▶ Task instructions:
Please copy all of the data that follows exactly, leaving any pictures out.

▶ Dataset section:

※

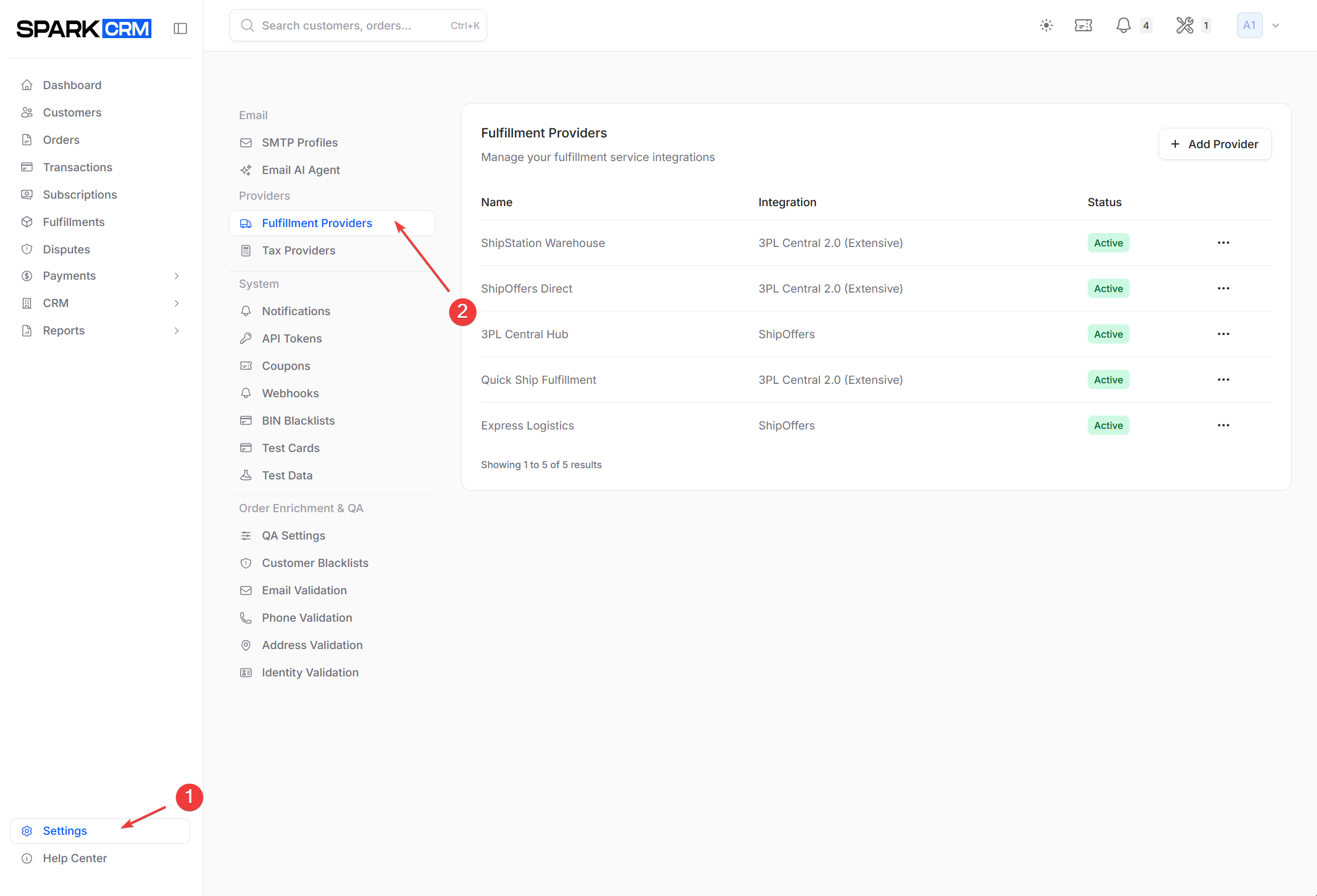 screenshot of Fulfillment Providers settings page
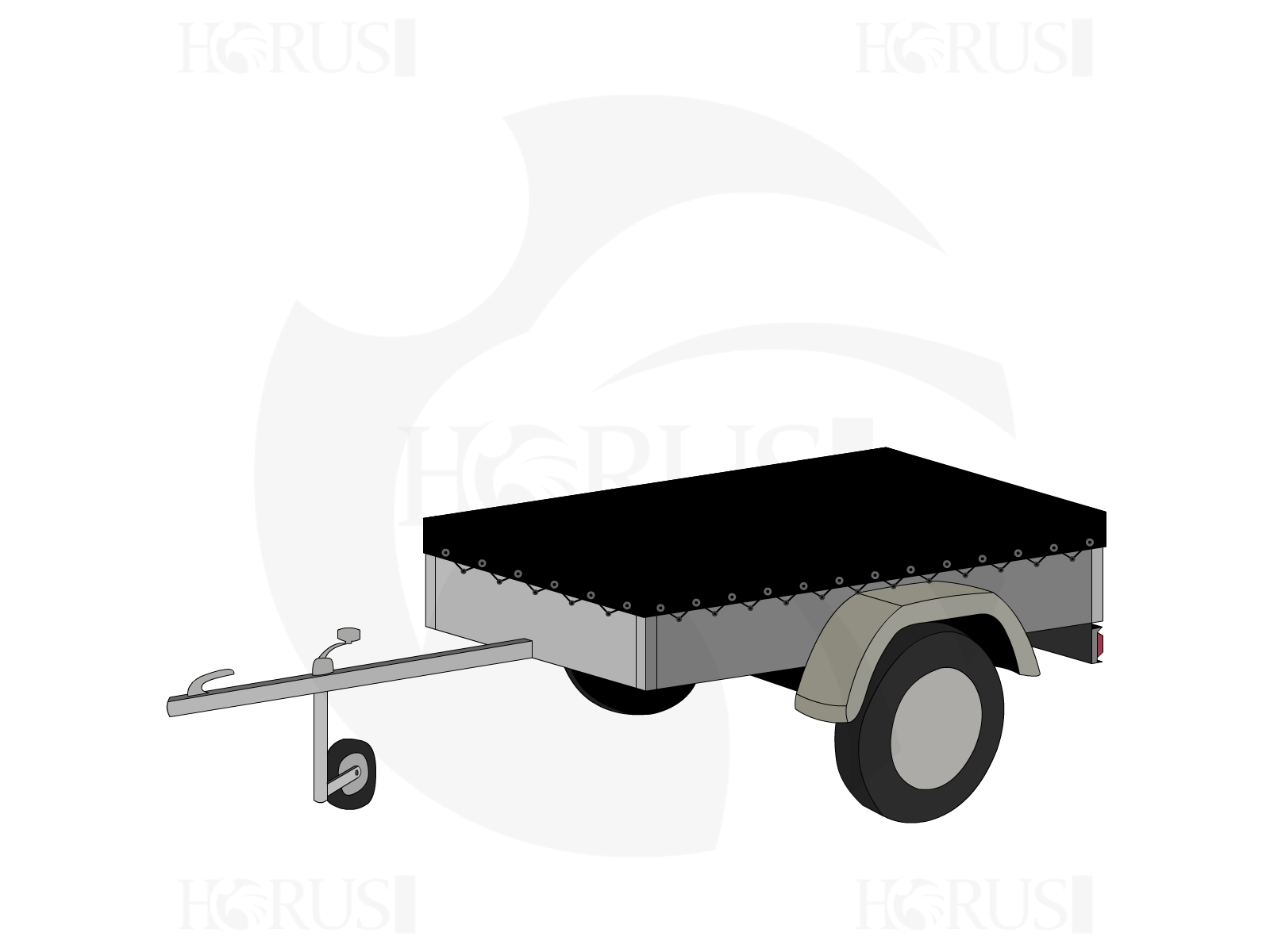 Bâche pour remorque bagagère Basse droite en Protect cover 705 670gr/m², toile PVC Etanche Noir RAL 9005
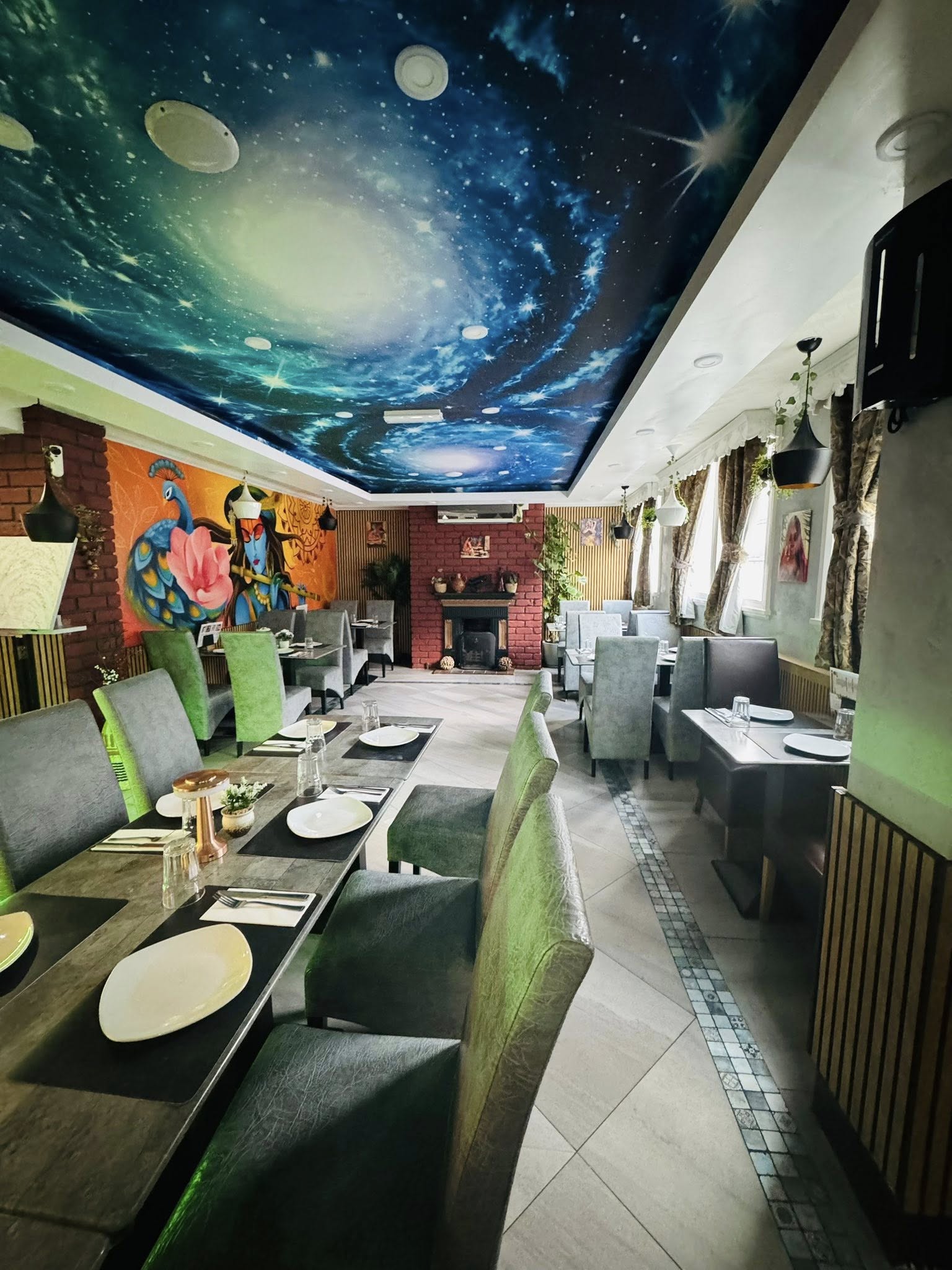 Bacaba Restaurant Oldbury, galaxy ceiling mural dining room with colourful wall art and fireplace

※

▶ Your solution:
 screenshot of Fulfillment Providers settings page
 Bâche pour remorque bagagère Basse droite en Protect cover 705 670gr/m², toile PVC Etanche Noir RAL 9005
 Bacaba Restaurant Oldbury, galaxy ceiling mural dining room with colourful wall art and fireplace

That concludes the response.